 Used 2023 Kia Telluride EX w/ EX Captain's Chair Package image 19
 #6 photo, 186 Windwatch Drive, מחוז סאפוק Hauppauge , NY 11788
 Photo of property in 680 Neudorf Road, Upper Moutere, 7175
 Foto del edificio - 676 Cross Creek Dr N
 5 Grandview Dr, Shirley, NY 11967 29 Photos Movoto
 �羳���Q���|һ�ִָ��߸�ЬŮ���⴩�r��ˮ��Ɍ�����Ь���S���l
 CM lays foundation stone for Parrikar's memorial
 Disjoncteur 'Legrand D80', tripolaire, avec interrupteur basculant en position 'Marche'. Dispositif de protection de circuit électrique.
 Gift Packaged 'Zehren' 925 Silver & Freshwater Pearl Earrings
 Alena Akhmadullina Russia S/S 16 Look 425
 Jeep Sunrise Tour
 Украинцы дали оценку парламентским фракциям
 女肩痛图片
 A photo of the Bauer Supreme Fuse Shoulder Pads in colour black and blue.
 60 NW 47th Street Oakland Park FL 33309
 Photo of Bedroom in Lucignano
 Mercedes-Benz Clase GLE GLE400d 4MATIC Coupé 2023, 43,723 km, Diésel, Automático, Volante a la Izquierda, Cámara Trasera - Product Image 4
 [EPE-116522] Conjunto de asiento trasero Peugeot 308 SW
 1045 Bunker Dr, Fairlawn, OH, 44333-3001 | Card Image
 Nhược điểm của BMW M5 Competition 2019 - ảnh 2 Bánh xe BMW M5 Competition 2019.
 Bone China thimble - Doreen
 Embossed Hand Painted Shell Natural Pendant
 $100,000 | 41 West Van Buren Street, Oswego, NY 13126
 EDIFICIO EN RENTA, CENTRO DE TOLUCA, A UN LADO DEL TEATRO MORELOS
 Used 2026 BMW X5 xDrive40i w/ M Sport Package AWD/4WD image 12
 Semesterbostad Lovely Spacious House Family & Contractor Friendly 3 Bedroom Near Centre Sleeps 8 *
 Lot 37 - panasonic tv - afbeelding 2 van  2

==========

→ **About this exercise**: Exactly the lines above from the one with "Alena Akhmadullina Russia S/S 16 Look 425" to the one with "60 NW 47th Street Oakland Park FL 33309", both included, are to be quoted; leave the rest out.

→ **Response**:
 Alena Akhmadullina Russia S/S 16 Look 425
 Jeep Sunrise Tour
 Украинцы дали оценку парламентским фракциям
 女肩痛图片
 A photo of the Bauer Supreme Fuse Shoulder Pads in colour black and blue.
 60 NW 47th Street Oakland Park FL 33309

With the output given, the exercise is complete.